# Data extracts:

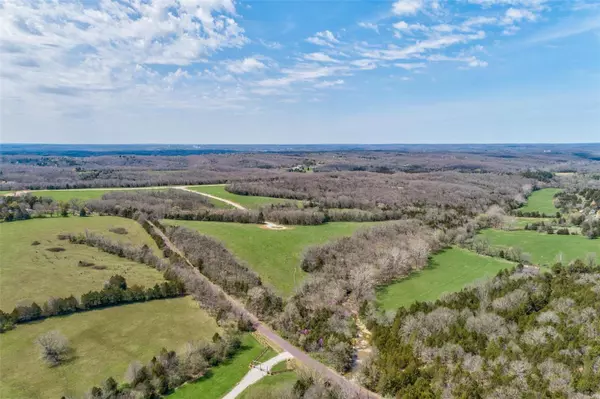 De Soto, MO 63020,0 Lot 5 Platinum Hill Estates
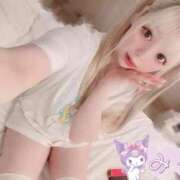 ヒメ日記 2025/11/06 17:03 投稿 みや ビデオdeはんど 横浜校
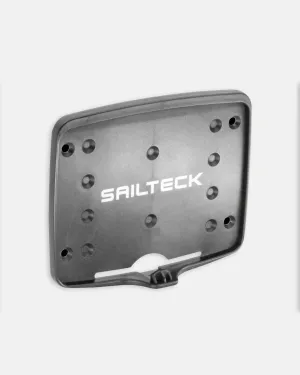 Sailteck Race Compass - Cradle Only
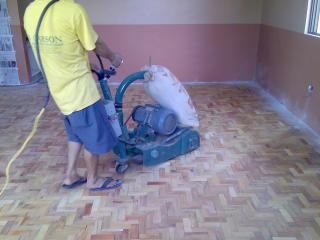 SERVICES: Repair / Renovation / Services Manila Metropolitan Area 15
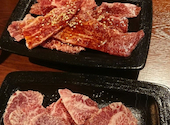 焼肉 さわぎ錦店: KENさんの2025年03月10日の1枚目の投稿写真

# Problem to solve:
Each line above must be repeated exactly in the answer, with pictures omitted.

# Reply to the task:
 De Soto, MO 63020,0 Lot 5 Platinum Hill Estates
 ヒメ日記 2025/11/06 17:03 投稿 みや ビデオdeはんど 横浜校
 Sailteck Race Compass - Cradle Only
 SERVICES: Repair / Renovation / Services Manila Metropolitan Area 15
 焼肉 さわぎ錦店: KENさんの2025年03月10日の1枚目の投稿写真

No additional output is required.